● Work instruction
Write out, word for word, only the lines from the one with "アンティーク建具　昭和中期　すりガラス入" to the end of the data below.

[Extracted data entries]
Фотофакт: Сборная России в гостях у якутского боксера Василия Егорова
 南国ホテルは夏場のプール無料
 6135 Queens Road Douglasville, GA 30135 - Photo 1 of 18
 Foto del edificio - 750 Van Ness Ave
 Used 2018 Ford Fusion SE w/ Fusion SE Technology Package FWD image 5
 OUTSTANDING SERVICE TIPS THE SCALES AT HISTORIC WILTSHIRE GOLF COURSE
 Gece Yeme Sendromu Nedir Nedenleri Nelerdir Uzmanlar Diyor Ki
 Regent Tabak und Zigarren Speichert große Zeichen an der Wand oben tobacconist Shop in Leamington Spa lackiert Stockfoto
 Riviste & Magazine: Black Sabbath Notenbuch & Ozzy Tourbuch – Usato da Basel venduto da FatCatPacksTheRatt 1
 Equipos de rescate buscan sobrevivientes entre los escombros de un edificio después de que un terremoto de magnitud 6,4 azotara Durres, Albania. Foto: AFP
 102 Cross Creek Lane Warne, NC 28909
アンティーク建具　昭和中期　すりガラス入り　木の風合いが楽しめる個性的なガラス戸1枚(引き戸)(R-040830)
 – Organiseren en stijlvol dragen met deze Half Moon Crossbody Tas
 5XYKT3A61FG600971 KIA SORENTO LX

● Response below
アンティーク建具　昭和中期　すりガラス入り　木の風合いが楽しめる個性的なガラス戸1枚(引き戸)(R-040830)
 – Organiseren en stijlvol dragen met deze Half Moon Crossbody Tas
 5XYKT3A61FG600971 KIA SORENTO LX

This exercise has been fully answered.